Given the protracted nature of the birth of this book - 5 years+; interrupted early on by the preparation of XSTL - it's quite conceivable that I have misunderstood this to some degree. I'm going to check my emails over the coming days ...
Probably the problem is more that I've traditionally conflated my preface being as Scott has stressed again recently "about the book, not what the book's about" with "what the book's about": they've tended to be more a Preface+Intro/Prologue. (The first version of the "Preface" that you saw, James, was just such a mix; the newer version is more in line with what it should be.)
I do remember that with IC++ my editor had to demand radical rewrites of the Preface, which later became separated as a Preface proper and a Prologue. When I did XSTL he complemented me on having done it right.

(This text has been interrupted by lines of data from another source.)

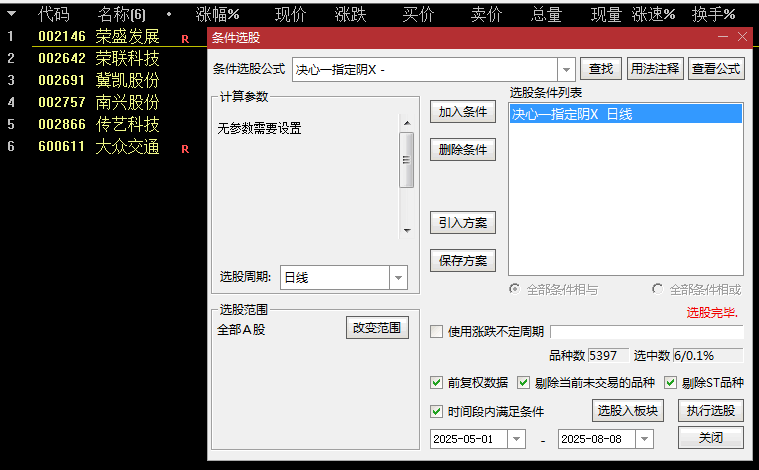 【决心一指定阴阳】主图/副图/选股指标 设置预警的时间是盘后预警 预警出现之后是次日进场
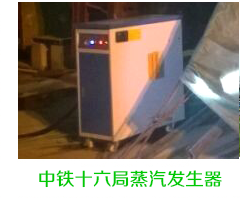 中鐵十六局蒸汽發生器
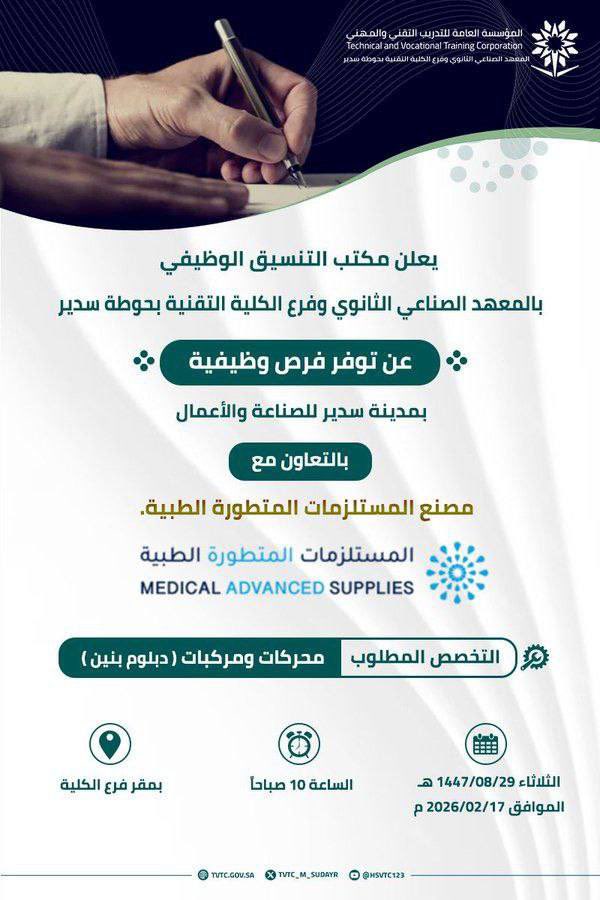 وظايف - الكليات التقنية tweet media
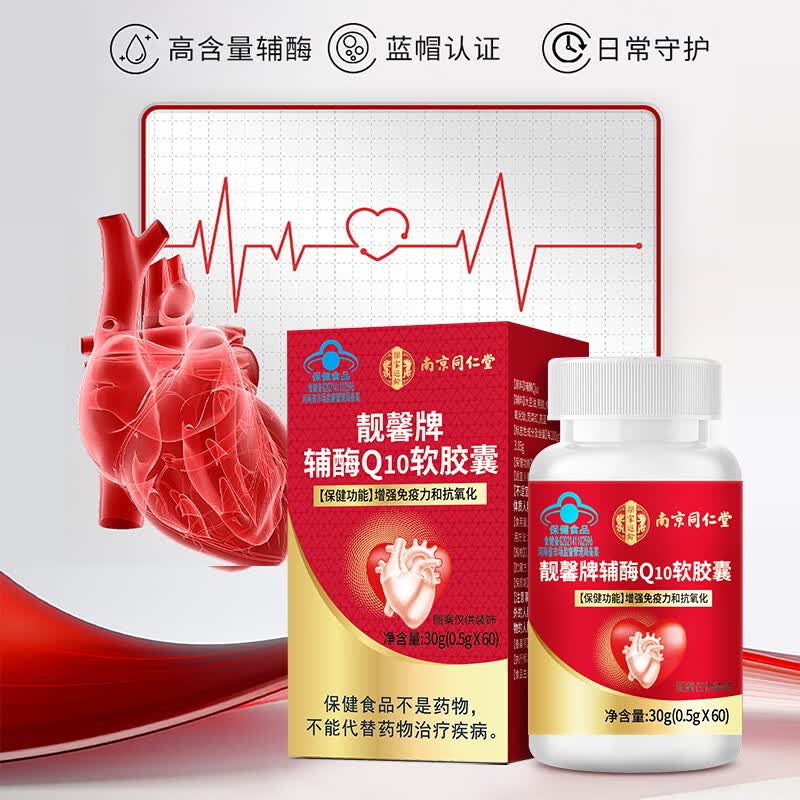 南京同仁堂辅酶q10软胶囊 辅酶q10增强免疫力成人中老年人抗氧化保健品60粒 60粒*3瓶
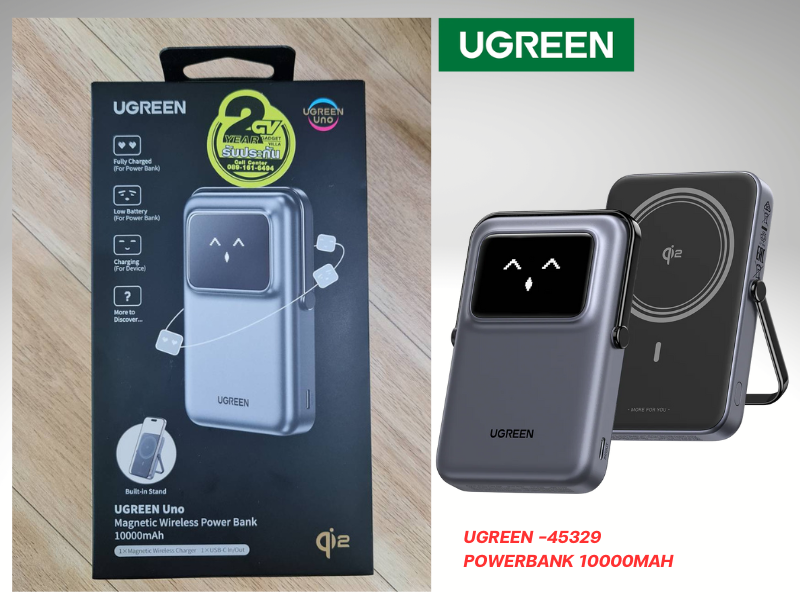 UGREEN Magnetic Wireless Power Bank 10000mAh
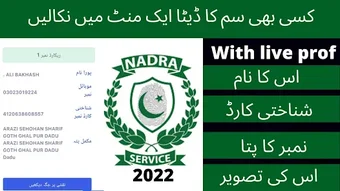 รูปภาพ 0 สำหรับ 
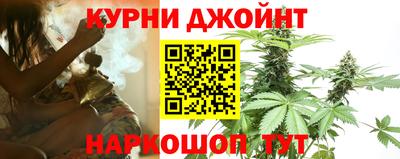 герыч Пушкино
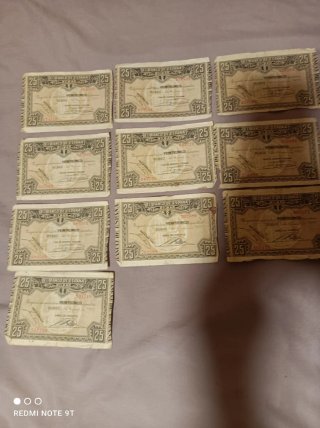 Billetes República Española 1937 (22 unidades)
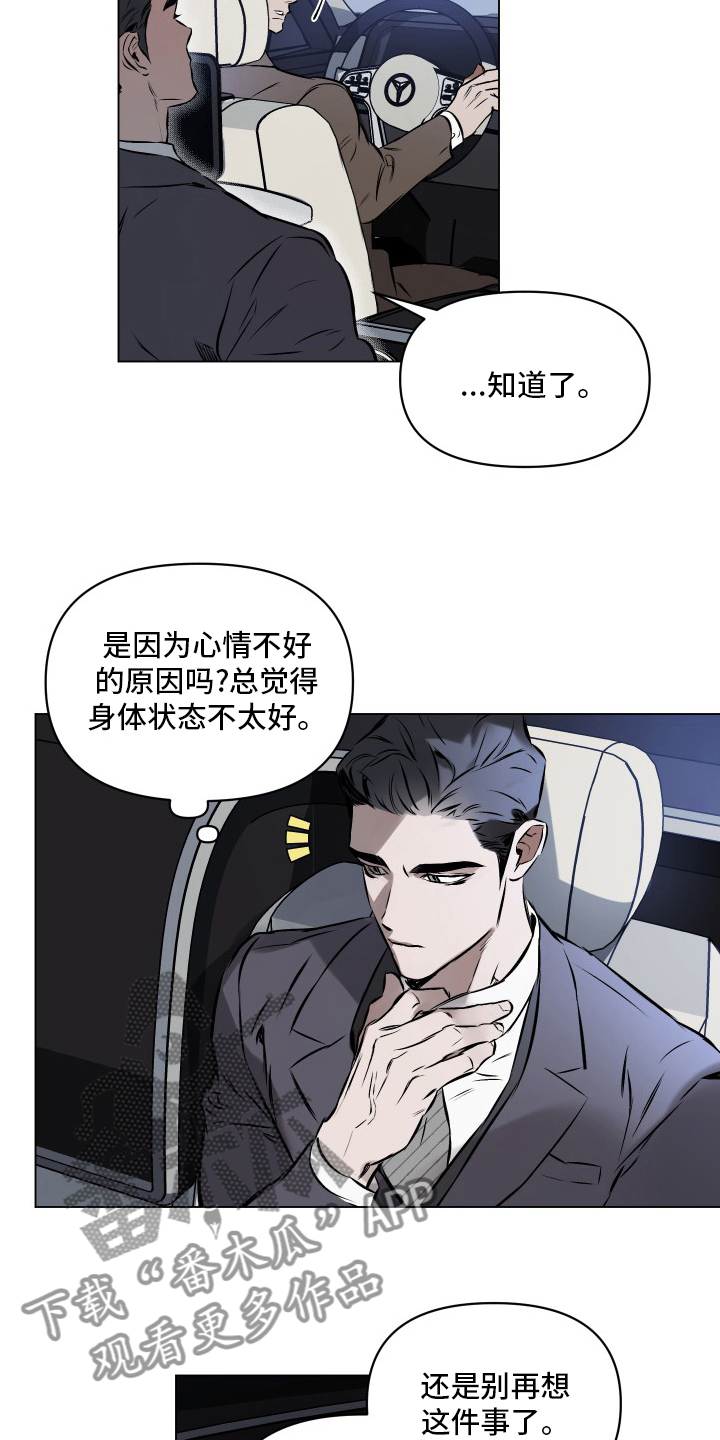 《约定关系》漫画最新章节第52章：【第二季】义务免费下拉式在线观看章节第【10】张图片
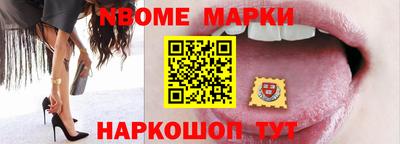таблы Гусиноозёрск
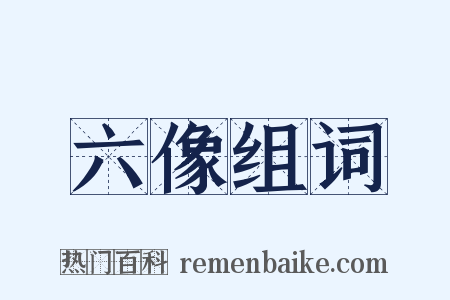 六像组词是什么意思的图片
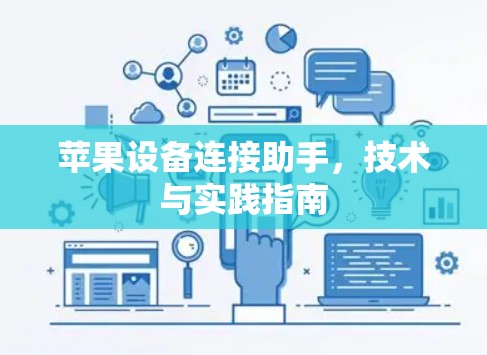 苹果设备连接助手，技术与实践指南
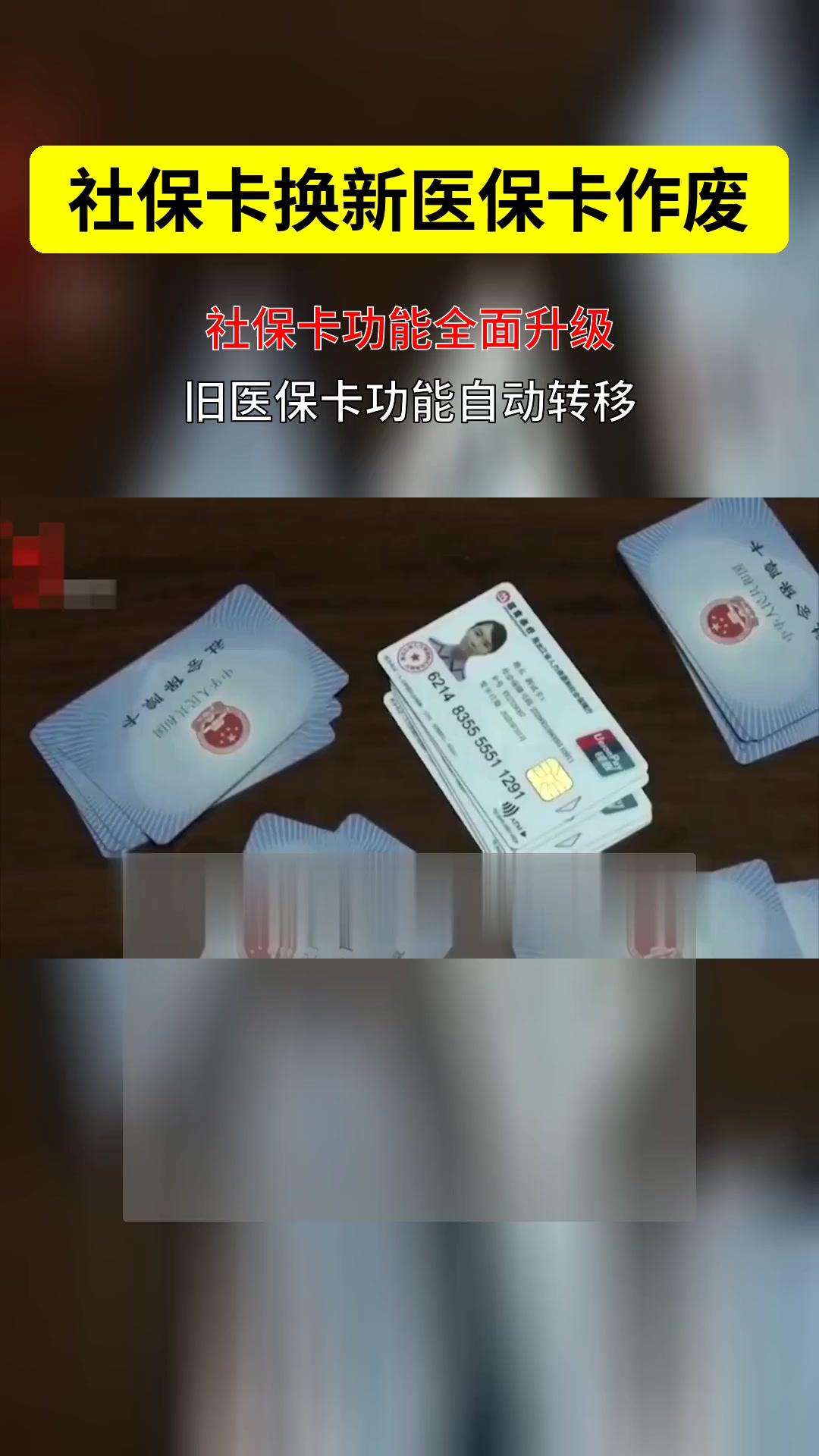 普洱最新刷医保卡换现金方法分析(最方便真实的普洱刷医保卡换现金违法吗方法)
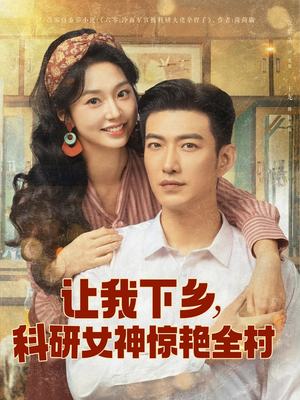 让我下乡科研女神惊艳全村（82集）好看又上头的短剧太解气了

Now I look back on it, I wonder why I stuffed the Monolith one so much; perhaps it's because I started this book before XSTL.
For me, perhaps because I seem to see things a little differently (either that, or I'm just bad at research and referencing), I need to have a substantial Prologue/Introduction (in Monolith it's going to be Intro) in order to set up both the style and the axioms of the book. This has not helped me in writing smaller books in the past, although I can't imagine how doing it differently wouldn't result in even bigger books. (With Monolith I'm determined to be <350 pages; time will tell.)
> The preface is certainly not the first thing I would > write, but I do know that different authors have different > styles. As an author, you grab on to anything that works > and go with it.
Now that I've done it, I'm glad I have. But next time - not that I ever want to write another "deep" book (famous last words?) - I will do it quite differently.
> And, remember: good writing is very anti-Lean. It is all > about rework — Craft of Revision and all of that.
Experience painfully attests. :-)
> Good > authors pen a discovery draft before writing the > deliverable. (I used to teach English composition, and > this technique was central to most composition pedagogy of > the time.) This preface might very well be the author's > discovery draft.
Agreed. And, yes, probably.
> I suspect, and hope, that we will see > this preface re-written a dozen times during the book's > lifetime.
Already had 14 versions ...
> I can only encourage Matt to not become overly > attached to the current version.
Agreed
> After all, an author > should learn at least as much as his or her constituency > does through the process of writing and publication. That > process stands behind all great written works — including > programs.
Exactly. (And well put!)
While writing I end up asking myself every imaginable question about the subject matter. This usually results in my learning consciously and fully that which either (i) I happened along, partially, during practical work and/or (ii) things that I subconsciously "knew", imprecisely and without a traceable path of propositions.
I probably sound pretentious putting it thusly, but I do feel much afinity with artists - music, poetry, etc. - who suggest that they never feel to have created, but merely recorded something they tuned in on. For my part, I know my subconscious is a brilliant software designer, but I am merely a decent programmer who struggles along trying to precisely capture and codify what my silly subconscious concocts (while asleep, driving in the car, or, more usually, on my long morning bike rides).